-- RAW DATA --
▬▬▬▬▬▬▬▬▬▬
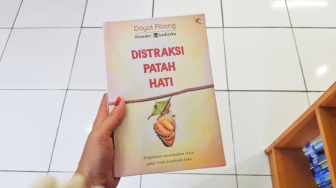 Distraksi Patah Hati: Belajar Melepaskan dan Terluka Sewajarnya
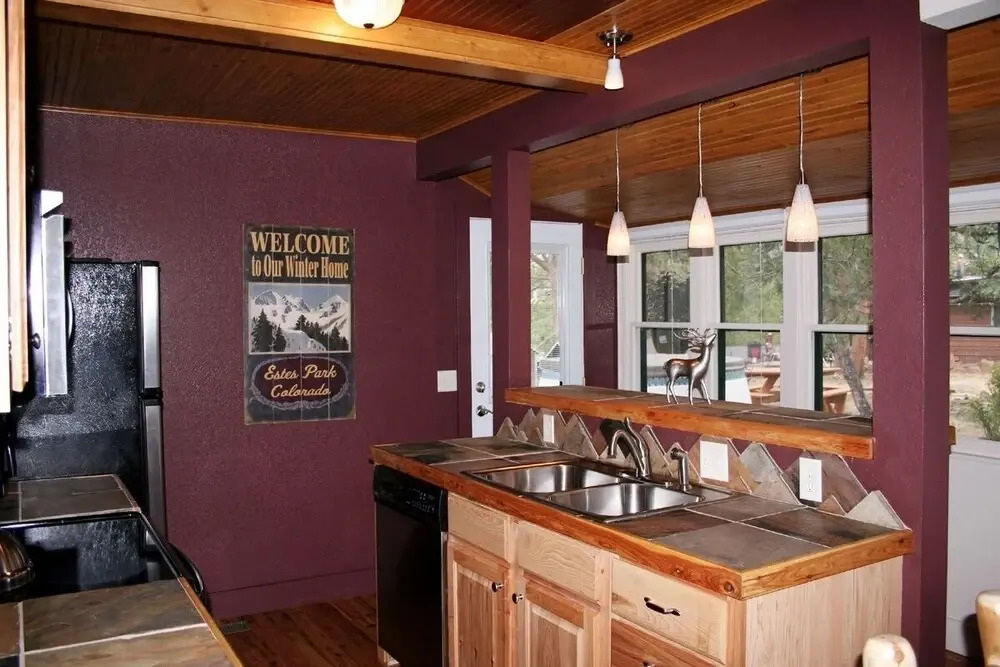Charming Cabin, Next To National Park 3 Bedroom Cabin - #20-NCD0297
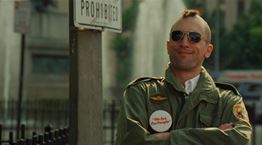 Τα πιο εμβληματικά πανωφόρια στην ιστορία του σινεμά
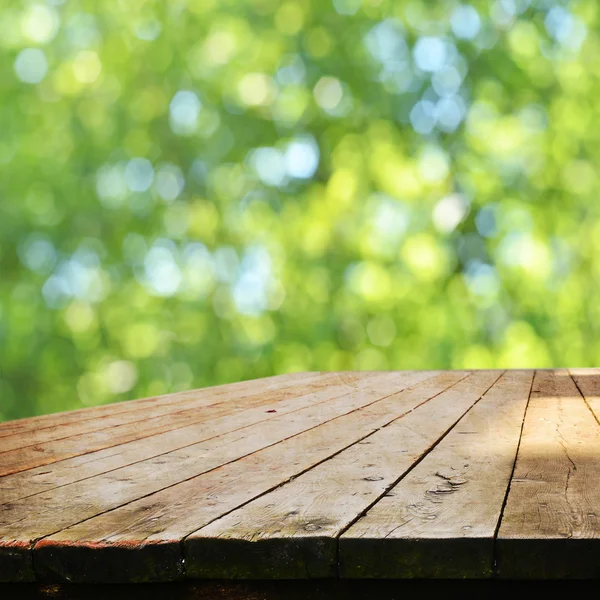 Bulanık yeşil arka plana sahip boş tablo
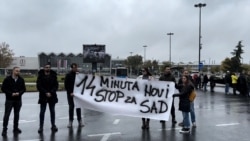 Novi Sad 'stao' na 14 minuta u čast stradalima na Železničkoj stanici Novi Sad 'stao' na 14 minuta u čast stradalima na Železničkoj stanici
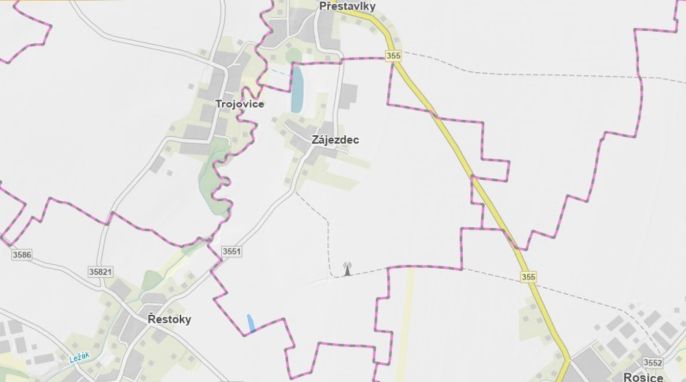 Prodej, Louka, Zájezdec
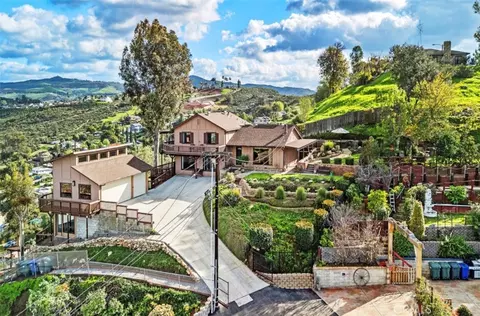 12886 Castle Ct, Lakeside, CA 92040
▬▬▬▬▬▬▬▬▬▬
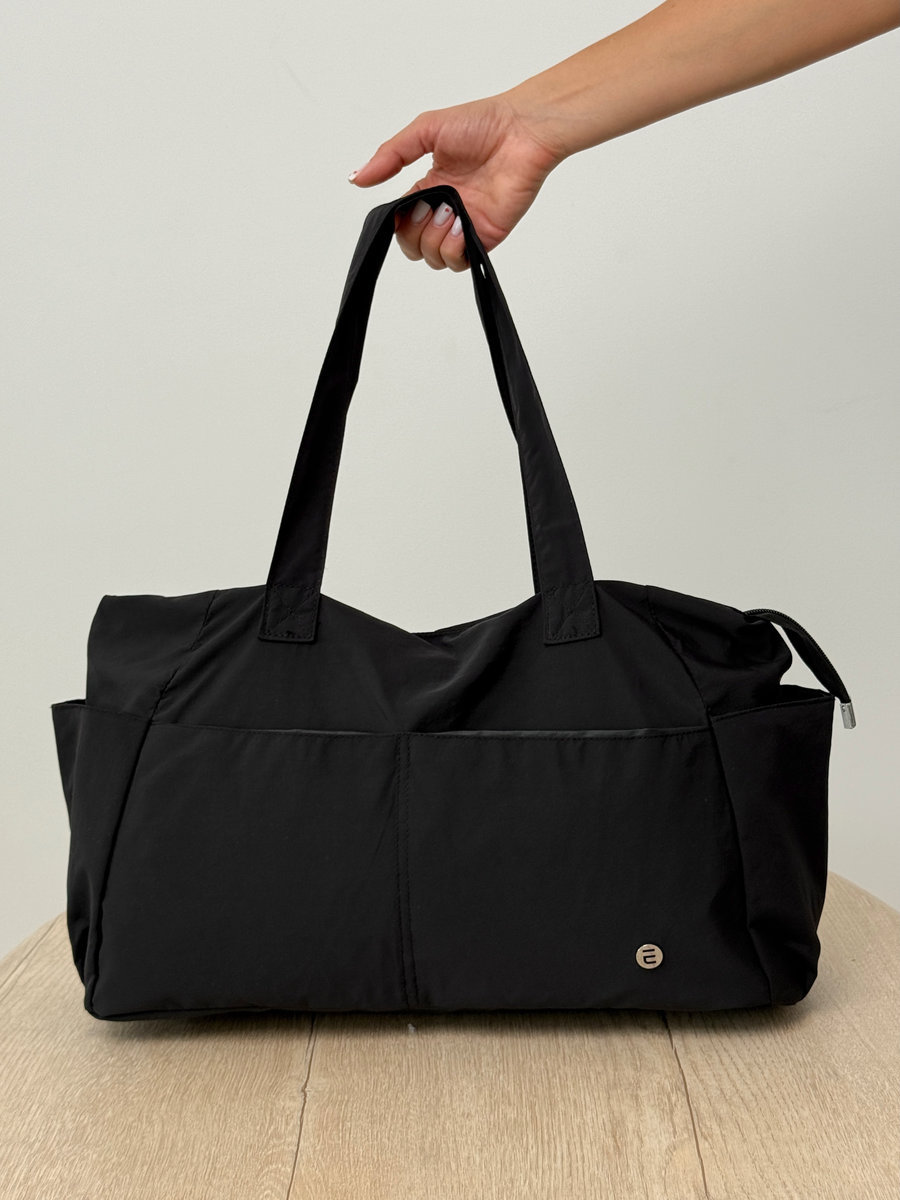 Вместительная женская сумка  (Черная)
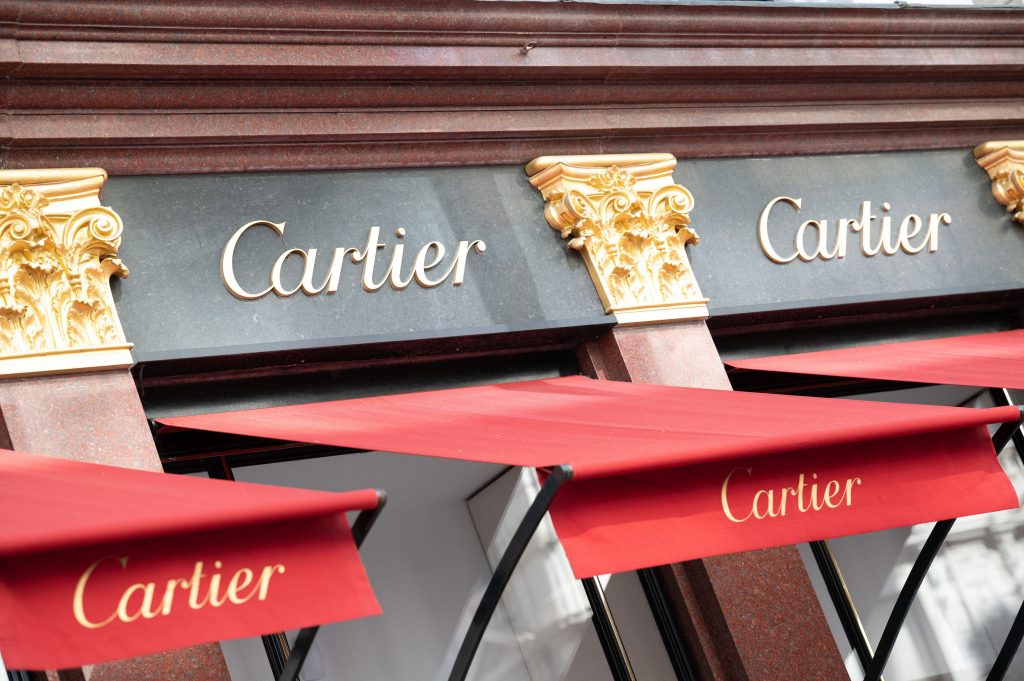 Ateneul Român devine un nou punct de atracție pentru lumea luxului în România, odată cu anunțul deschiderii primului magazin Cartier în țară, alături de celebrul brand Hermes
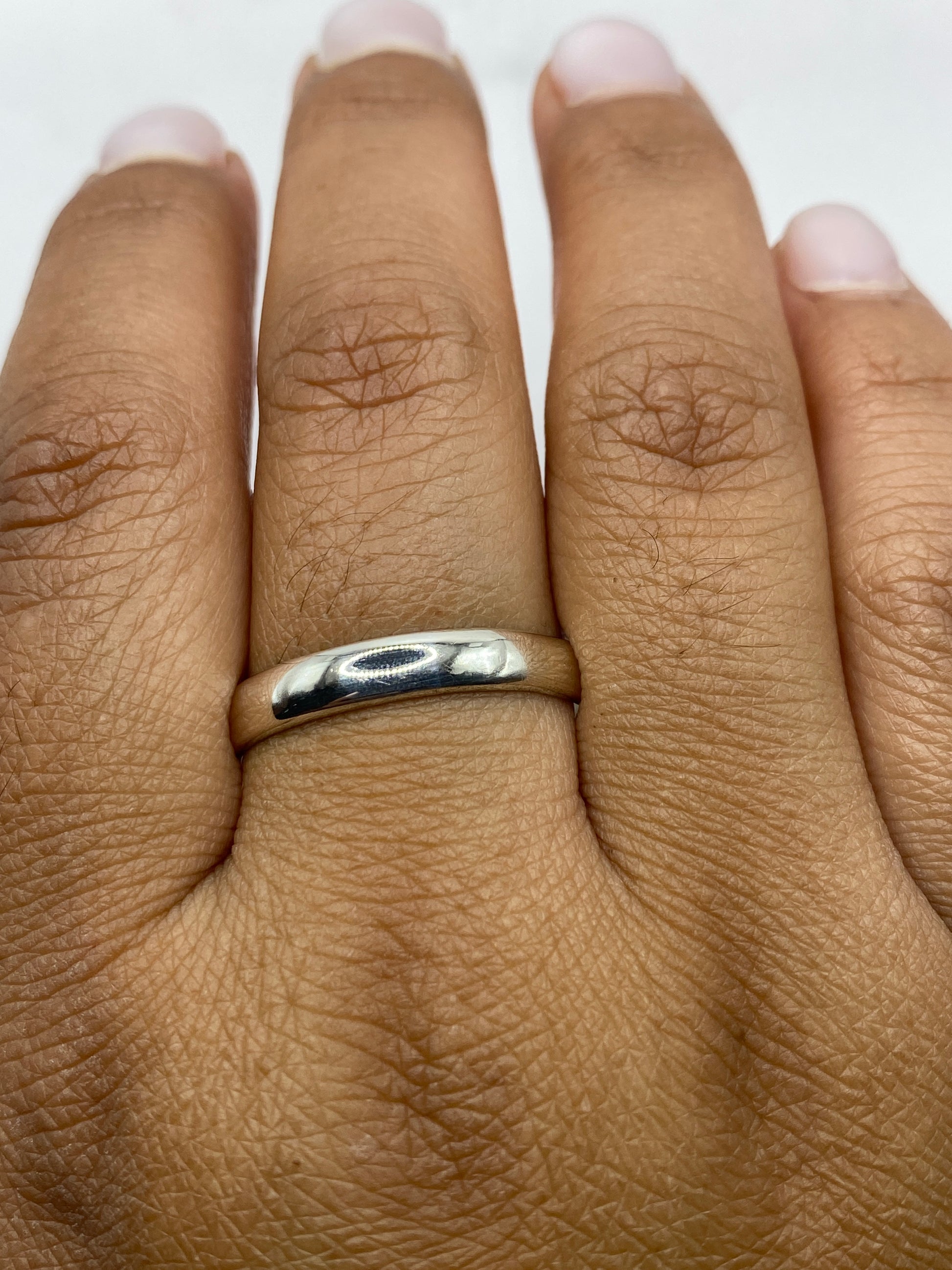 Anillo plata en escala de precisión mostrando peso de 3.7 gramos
▬▬▬▬▬▬▬▬▬▬
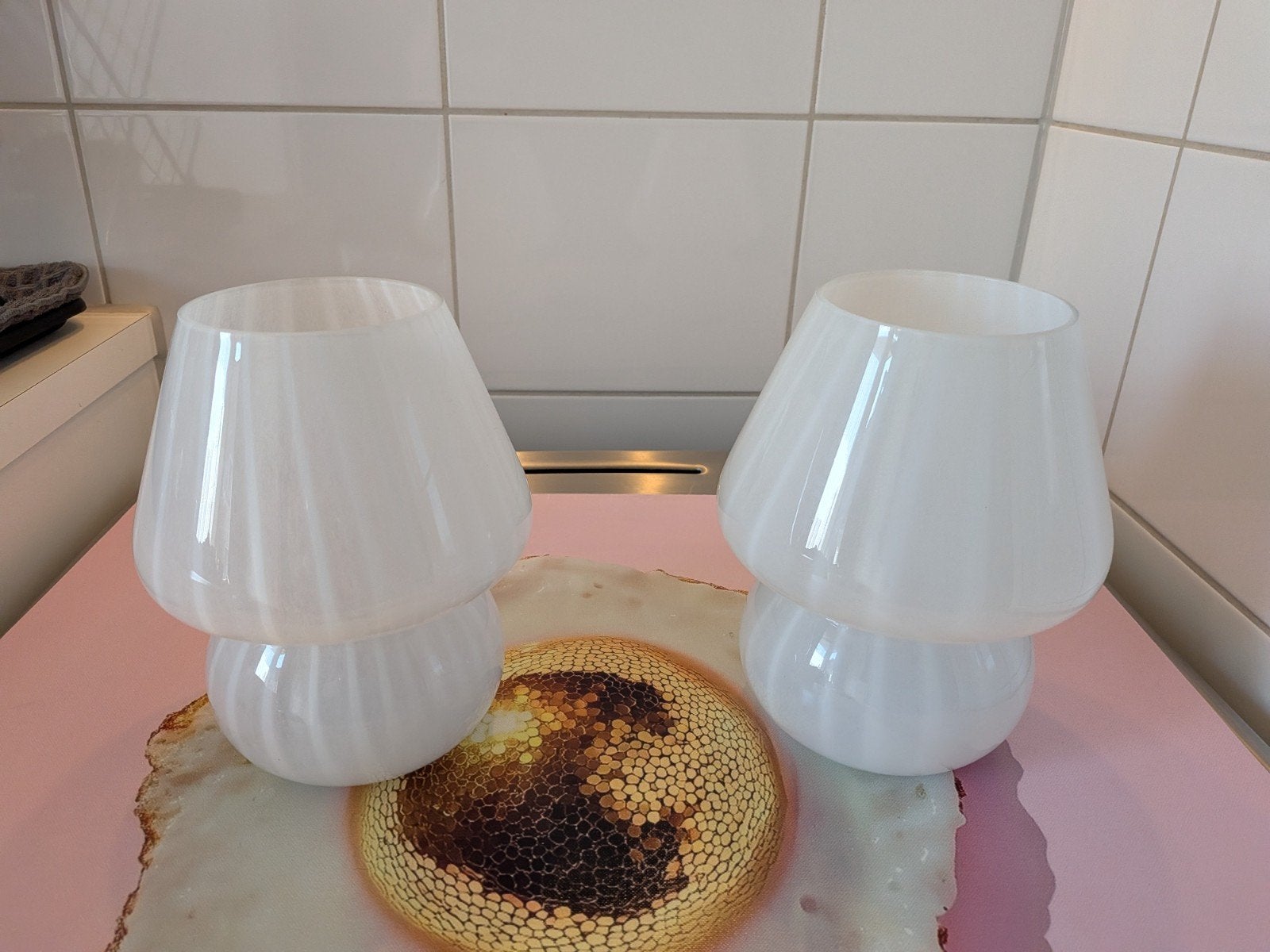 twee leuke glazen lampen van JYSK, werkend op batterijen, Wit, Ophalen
▬▬▬▬▬▬▬▬▬▬
-- ASSIGNED TASK --
Print exactly the lines above that run from the one with "Вместительная женская сумка" to the one with "Anillo plata en", both included. No pictures.

-- EXERCISE RESPONSE --
 Вместительная женская сумка  (Черная)
 Ateneul Român devine un nou punct de atracție pentru lumea luxului în România, odată cu anunțul deschiderii primului magazin Cartier în țară, alături de celebrul brand Hermes
 Anillo plata en escala de precisión mostrando peso de 3.7 gramos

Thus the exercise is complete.